L'implication de l'Union soviétique dans la guerre civile espagnole a eu des conséquences négatives sur les relations Moscou-Madrid pendant de nombreuses années. Pendant le reste de sa vie, le leader espagnol Francisco Franco nourrit une haine profonde pour tout ce qui était soviétique, ne faisant aucune exception, même dans le sport.

Lors du tournoi de football de la Coupe d'Europe des nations de 1960 (précurseur du Championnat d'Europe), l'équipe soviétique devait affronter l'Espagne en quarts de finale.
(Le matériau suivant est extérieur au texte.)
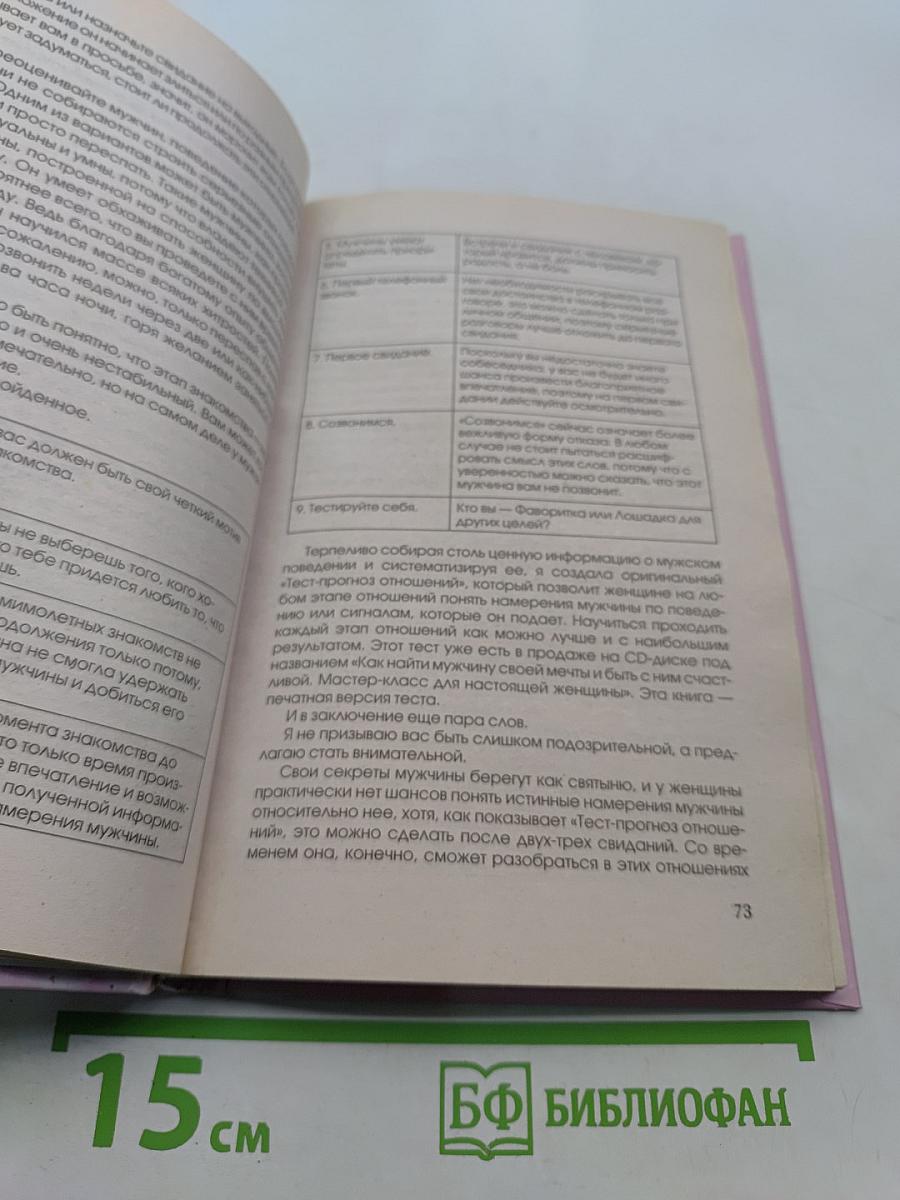 Как влюбить в себя кого угодно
Le vainqueur de la rencontre gagnerait le droit de se rendre en France pour les demi-finales.

À l'époque, l'Espagne était une superpuissance de football. Le Real Madrid et Barcelone étaient sans égaux à travers le continent, et Alfredo Di Stéfano (qui jouait pour l'Espagne bien qu’il fût Argentin) et Luis Suárez Miramontes étaient considérés comme les meilleurs joueurs d’Europe.

L'équipe soviétique, également très bien cotée, attendait la perspective de combattre les Espagnols sur une scène moins violente que le champ de bataille, mais Franco y mit un terme, en refusant de permettre à l'équipe nationale espagnole de se rendre à Moscou pour la première étape de la compétition.

Le boycott espagnol signifiait que les Soviétiques recevaient un laissez-passer automatique. Après avoir battu la Tchécoslovaquie en demi-finale et vaincu la Yougoslavie en finale, les joueurs soviétiques furent sacrés champions d'Europe - en grande partie grâce à Franco.